* Work to complete *
Each line below containing the word "from" needs to be shown.

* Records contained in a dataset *
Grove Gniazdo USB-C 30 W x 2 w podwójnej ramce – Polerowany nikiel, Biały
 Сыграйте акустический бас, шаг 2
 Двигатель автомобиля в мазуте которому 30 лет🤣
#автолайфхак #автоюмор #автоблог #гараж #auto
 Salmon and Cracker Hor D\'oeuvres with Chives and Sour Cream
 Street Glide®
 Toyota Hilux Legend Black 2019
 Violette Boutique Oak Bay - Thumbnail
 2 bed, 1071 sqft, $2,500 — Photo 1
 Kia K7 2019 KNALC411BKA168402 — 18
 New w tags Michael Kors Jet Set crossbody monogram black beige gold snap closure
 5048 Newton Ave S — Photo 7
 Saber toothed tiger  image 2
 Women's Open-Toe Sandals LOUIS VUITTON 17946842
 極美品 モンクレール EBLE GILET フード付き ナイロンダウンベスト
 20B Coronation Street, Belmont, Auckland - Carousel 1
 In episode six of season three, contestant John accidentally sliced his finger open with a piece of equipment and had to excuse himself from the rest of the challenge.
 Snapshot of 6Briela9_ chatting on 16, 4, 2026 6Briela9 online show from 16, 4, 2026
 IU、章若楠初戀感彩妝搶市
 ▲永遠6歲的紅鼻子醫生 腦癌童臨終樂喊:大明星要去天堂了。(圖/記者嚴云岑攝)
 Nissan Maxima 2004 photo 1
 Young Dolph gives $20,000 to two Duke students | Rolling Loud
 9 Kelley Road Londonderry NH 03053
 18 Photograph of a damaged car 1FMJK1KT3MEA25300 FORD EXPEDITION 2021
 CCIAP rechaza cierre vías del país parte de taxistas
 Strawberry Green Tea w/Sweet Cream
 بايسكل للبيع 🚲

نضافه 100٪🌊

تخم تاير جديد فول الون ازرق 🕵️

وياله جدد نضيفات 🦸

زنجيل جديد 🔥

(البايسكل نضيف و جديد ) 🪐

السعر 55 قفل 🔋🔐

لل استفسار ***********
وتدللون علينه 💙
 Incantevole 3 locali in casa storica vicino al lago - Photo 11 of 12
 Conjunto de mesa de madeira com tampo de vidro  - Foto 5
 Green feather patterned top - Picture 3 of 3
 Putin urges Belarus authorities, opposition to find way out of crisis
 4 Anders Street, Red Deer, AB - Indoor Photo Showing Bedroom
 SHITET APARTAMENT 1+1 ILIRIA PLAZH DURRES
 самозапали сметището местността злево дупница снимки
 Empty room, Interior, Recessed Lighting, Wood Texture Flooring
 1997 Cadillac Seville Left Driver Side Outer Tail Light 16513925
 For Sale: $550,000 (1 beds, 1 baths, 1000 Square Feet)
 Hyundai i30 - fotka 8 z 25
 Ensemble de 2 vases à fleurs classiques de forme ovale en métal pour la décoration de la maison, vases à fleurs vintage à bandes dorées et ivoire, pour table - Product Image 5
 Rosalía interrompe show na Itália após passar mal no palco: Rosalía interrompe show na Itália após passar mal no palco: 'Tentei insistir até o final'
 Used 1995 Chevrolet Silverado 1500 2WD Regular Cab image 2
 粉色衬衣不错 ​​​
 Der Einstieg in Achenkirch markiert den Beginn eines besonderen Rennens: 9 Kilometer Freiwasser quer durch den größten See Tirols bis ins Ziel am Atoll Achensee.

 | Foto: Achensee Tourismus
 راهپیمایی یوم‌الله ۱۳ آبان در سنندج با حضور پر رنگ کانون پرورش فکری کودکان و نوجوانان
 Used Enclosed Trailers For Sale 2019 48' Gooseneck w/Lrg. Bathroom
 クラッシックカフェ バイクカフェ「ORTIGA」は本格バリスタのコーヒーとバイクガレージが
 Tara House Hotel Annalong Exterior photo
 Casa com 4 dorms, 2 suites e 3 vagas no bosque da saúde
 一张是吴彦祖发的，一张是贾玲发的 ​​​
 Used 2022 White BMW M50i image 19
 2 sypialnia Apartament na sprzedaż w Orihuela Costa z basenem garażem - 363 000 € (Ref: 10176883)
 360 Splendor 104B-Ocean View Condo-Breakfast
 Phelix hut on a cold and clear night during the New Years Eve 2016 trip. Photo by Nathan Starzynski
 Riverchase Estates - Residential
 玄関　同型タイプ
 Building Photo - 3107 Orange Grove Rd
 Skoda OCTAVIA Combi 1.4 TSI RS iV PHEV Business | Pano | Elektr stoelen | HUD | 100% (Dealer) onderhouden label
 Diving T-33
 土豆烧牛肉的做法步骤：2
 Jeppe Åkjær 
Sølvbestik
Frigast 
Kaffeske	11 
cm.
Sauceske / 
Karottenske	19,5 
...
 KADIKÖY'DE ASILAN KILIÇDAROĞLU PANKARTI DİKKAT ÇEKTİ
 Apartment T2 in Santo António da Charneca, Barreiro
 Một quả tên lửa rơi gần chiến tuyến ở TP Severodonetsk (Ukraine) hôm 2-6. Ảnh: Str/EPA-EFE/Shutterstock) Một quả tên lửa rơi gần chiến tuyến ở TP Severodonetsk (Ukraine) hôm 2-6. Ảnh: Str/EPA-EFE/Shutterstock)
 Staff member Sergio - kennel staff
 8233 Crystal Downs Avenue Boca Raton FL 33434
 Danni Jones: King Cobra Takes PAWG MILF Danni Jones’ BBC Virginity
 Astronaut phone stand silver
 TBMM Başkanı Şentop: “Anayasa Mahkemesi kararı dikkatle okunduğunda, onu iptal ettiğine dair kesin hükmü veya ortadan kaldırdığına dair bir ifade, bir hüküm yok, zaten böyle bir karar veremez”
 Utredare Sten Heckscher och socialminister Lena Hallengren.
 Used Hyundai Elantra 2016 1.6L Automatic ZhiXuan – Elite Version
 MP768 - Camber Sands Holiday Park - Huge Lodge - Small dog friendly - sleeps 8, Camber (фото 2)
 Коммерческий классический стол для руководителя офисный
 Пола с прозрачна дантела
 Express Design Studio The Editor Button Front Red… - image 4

* Response box *
 In episode six of season three, contestant John accidentally sliced his finger open with a piece of equipment and had to excuse himself from the rest of the challenge.
 Snapshot of 6Briela9_ chatting on 16, 4, 2026 6Briela9 online show from 16, 4, 2026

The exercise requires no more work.